Correlates of alcohol use among methadone-maintained adults

This prospective study (n = 190) examined correlates of alcohol use from baseline data of a longitudinal trial conducted among moderate and heavy alcohol users receiving methadone maintenance therapy (MMT).

The sample included MMT clients who were 18–55 years of age, and were receiving MMT from five large methadone maintenance clinics in the Los Angeles area.

Half of the sample was heavy drinkers and nearly half (46%) reported heroin use. Using a structured questionnaire, correlates of heavy alcohol use included White and Hispanic ethnicity, and fair or poor physical health combined with older age (?50 years).
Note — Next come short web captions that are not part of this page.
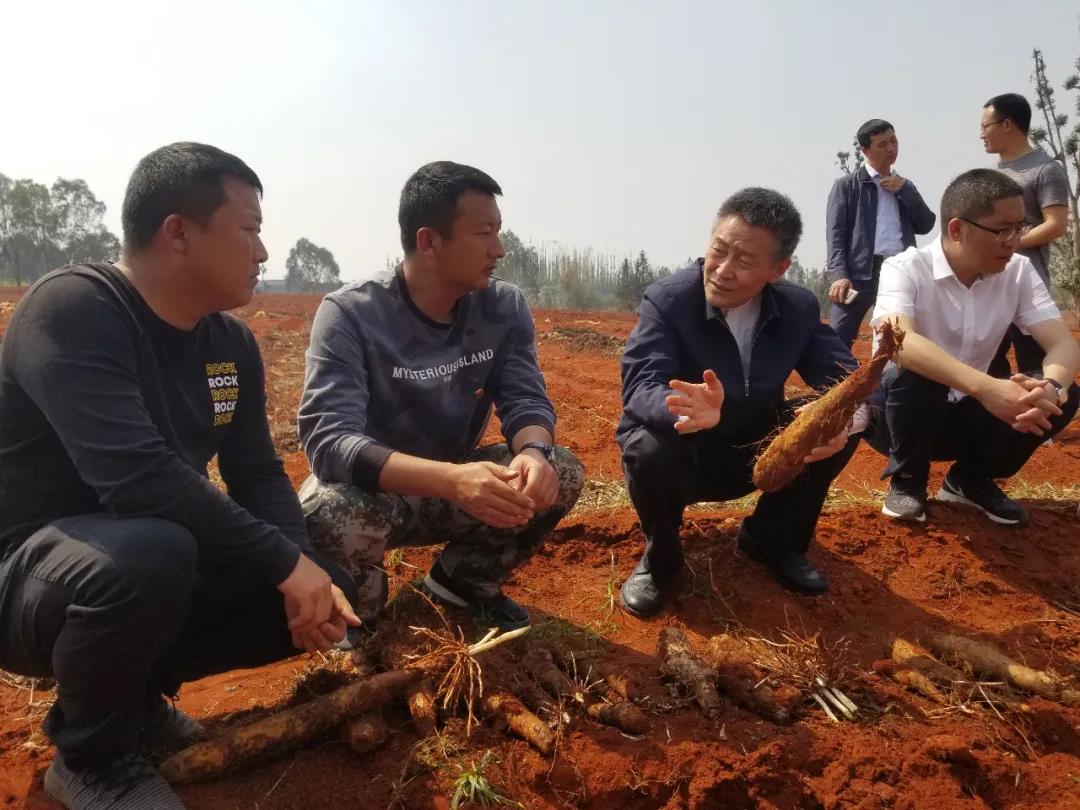 头等玩家官网-相信品牌力量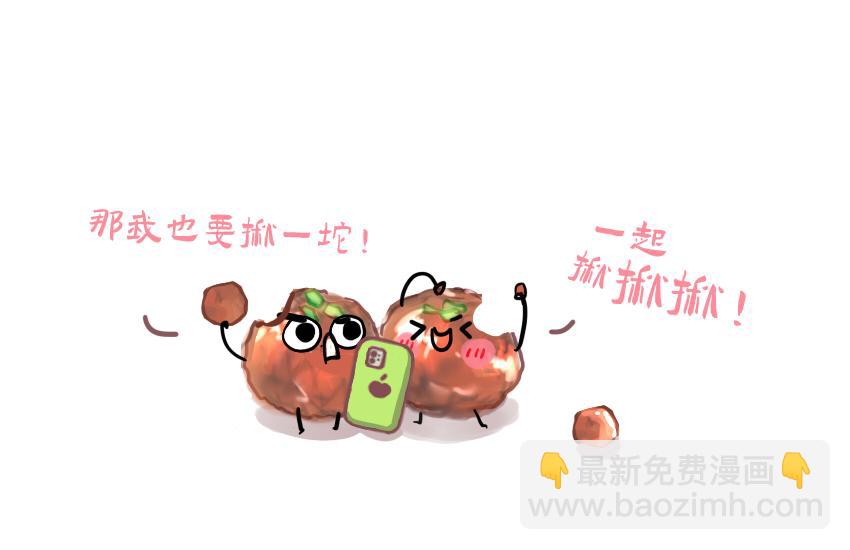 043 狮子头 坚果 雪饼8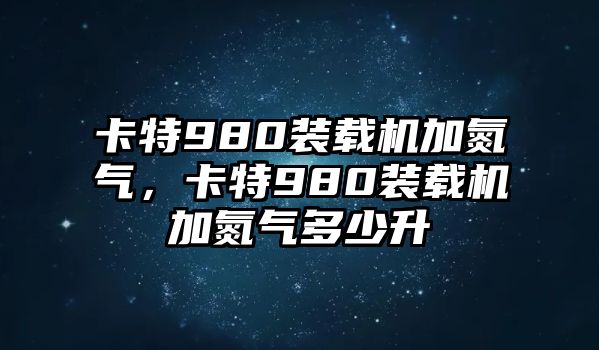 卡特980裝載機加氮氣，卡特980裝載機加氮氣多少升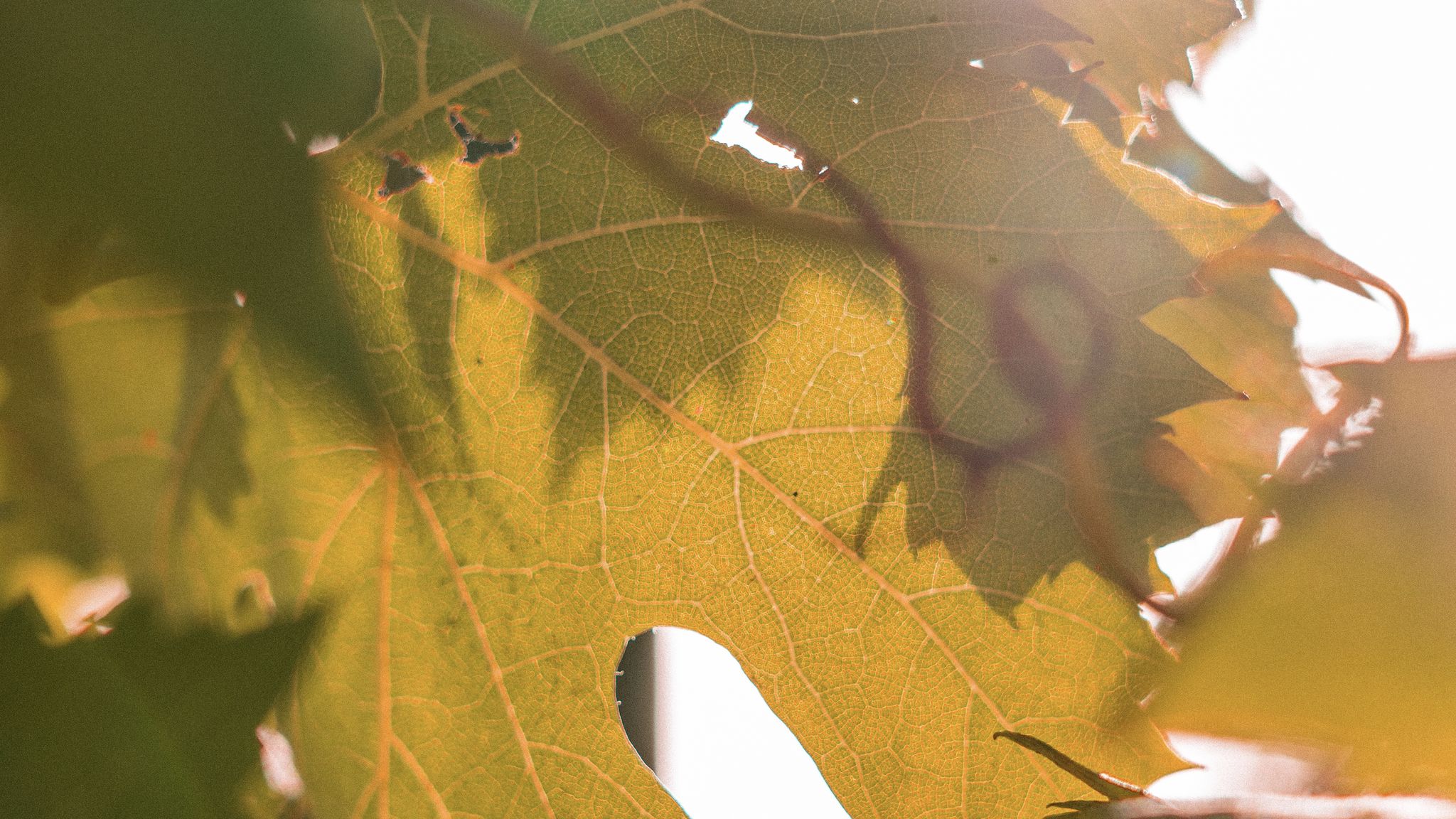 Italianway Trecastagni Casale alle Vigne
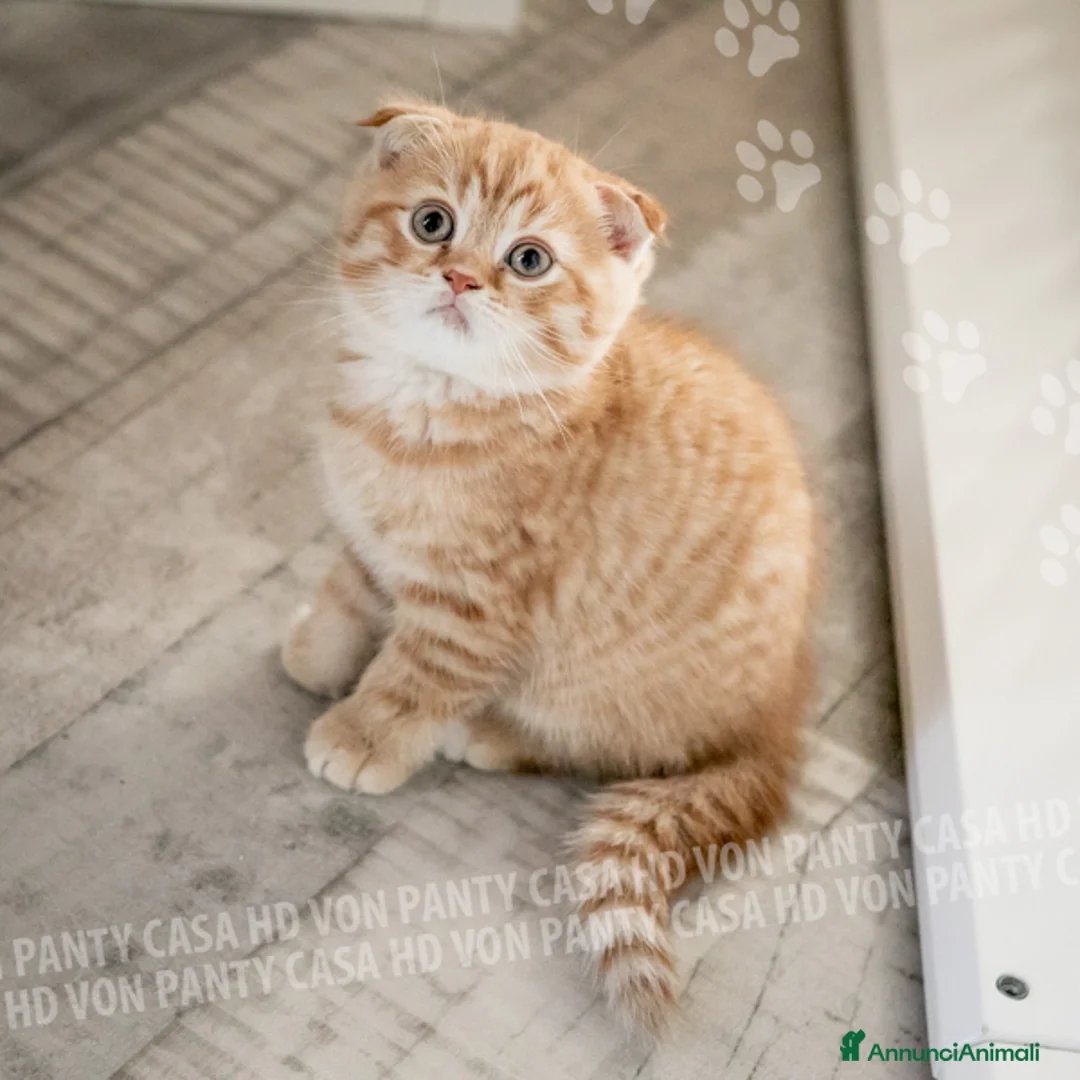 Scottish gatti in vendita: Maschietti Scottish Fold - Annuncio 6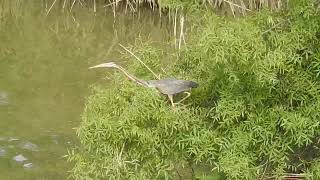 Ardea purpurea  Garza imperial  Purple Heron [upl. by Erdnael190]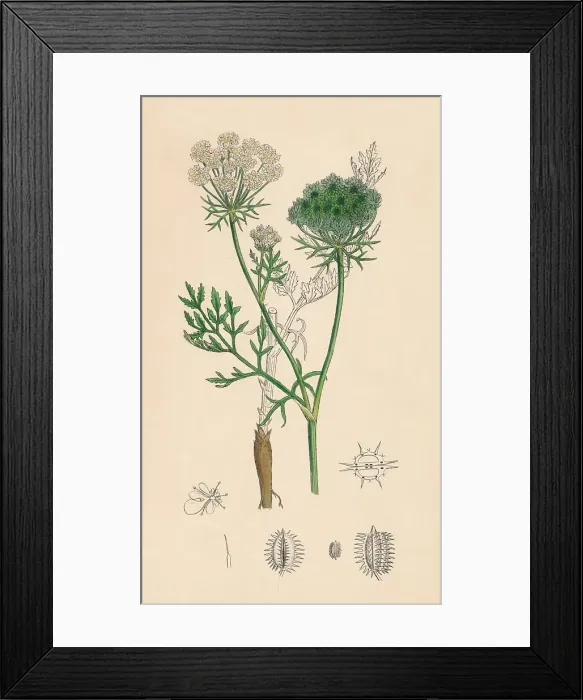 Framed Print : Daucus Carota. Wild Carrot, 19th Century Framed Print : Daucus Carota. Wild Carrot, 19th Century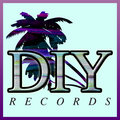 D.I.Y Records image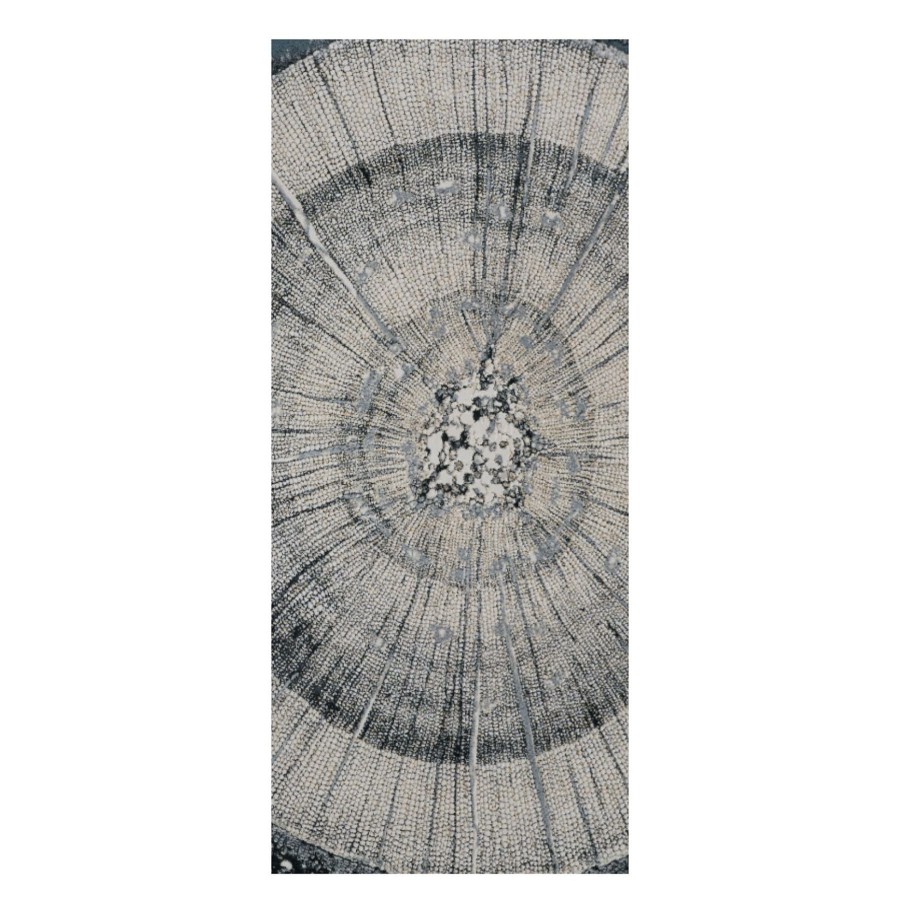 Rugs & Curtains * | Exclusive (B756) Ochoco Grey Woodgrain Runner, 2 7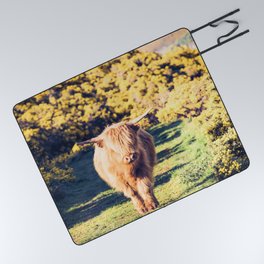 Lovely Scotland Highland Cow (Scottish Highland Cattle) is walking in the sun Picnic Blanket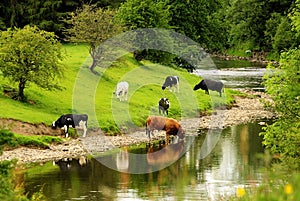 River Cattle, Lancashire photo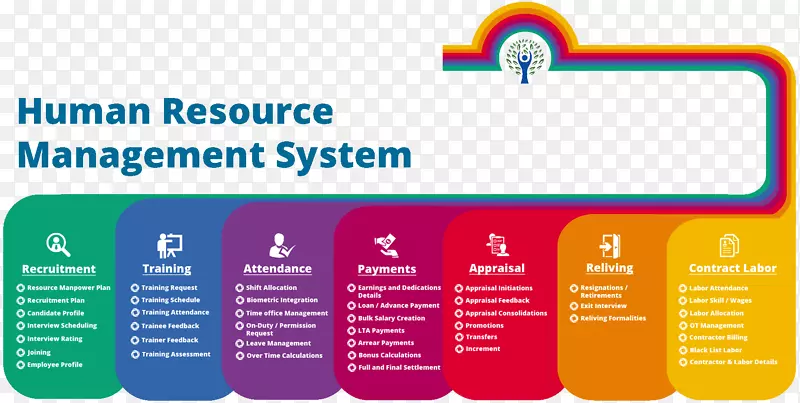 人力资源管理系统人力资源组织-人力资源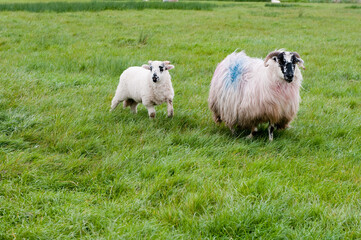 Fototapeta premium sheep and lambs running in field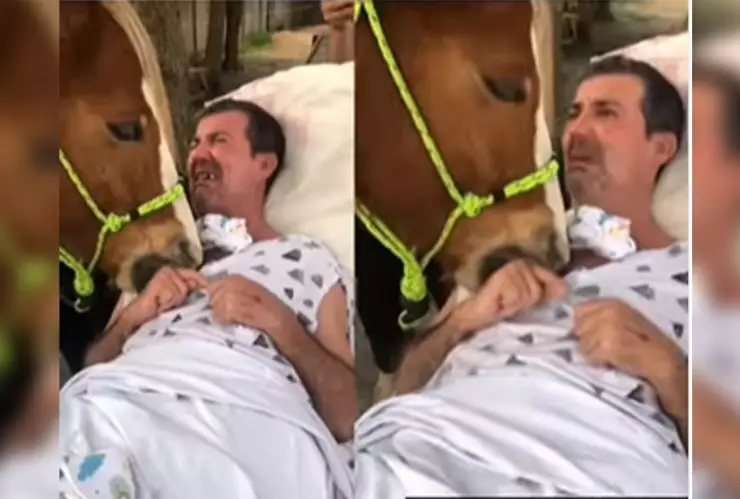 Circula en redes tierna escena entre caballo y dueño.
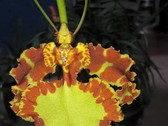 Vivero Orquídeas De La Sierra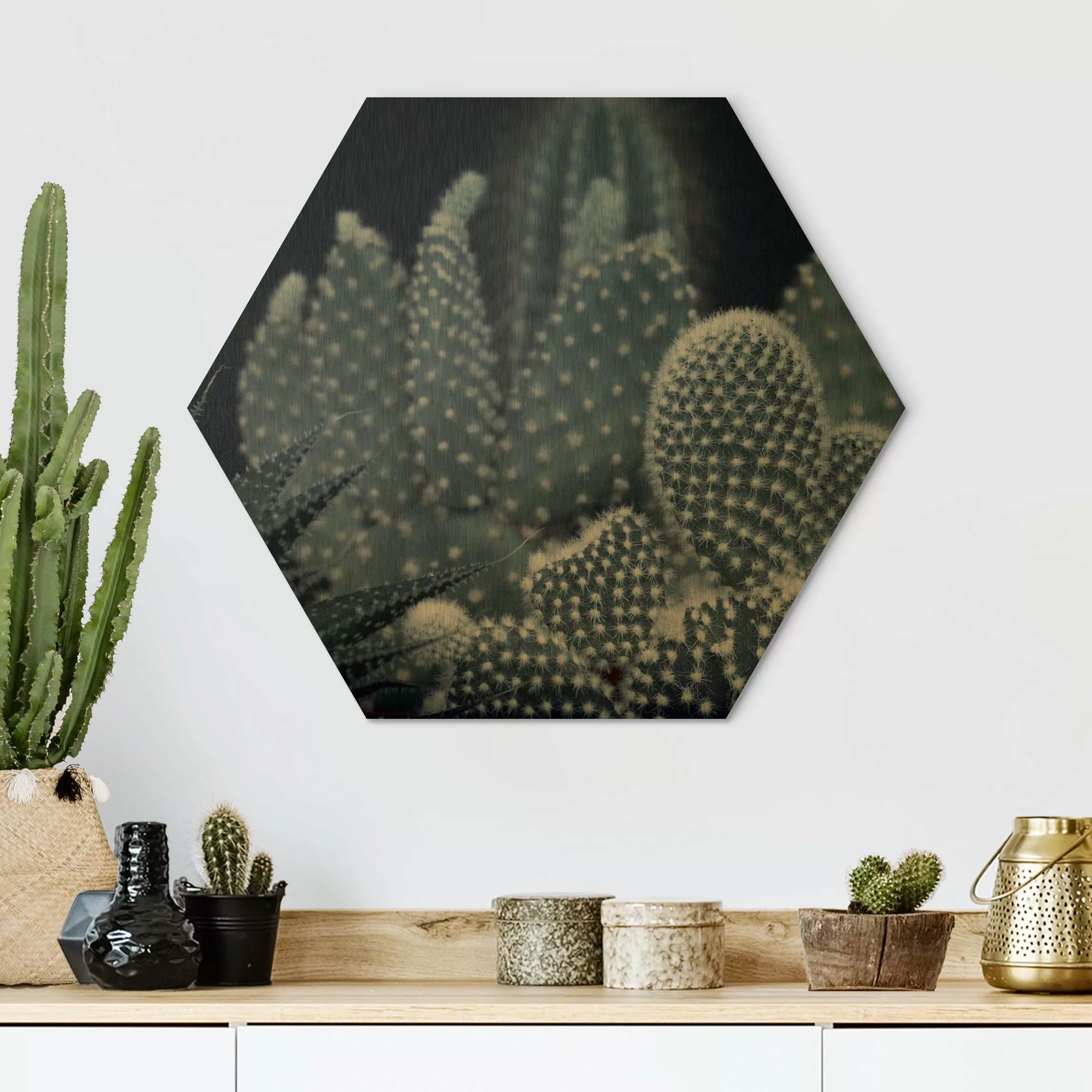 Hexagon-Alu-Dibond Bild Kakteenfamilie bei Nacht günstig online kaufen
We also found that MMT clients who were younger than 50 years, regardless of health status, were more likely to be heavy drinkers.

Compared with moderate alcohol consumers, a greater number of heavy alcohol users also experienced recent victimization.

To optimize MMT, alcohol screening should be part of routine assessment and alcohol treatment should be made available within MMT programs.

Moreover, special consideration should be provided to the most vulnerable clients, such as the younger user, those with a long-term and current history of heavy drug use, and those victimized and reporting fair or poor health. In addition, promoting attention to general physical and mental health problems within MMT programs may be beneficial in enhancing health outcomes of this population.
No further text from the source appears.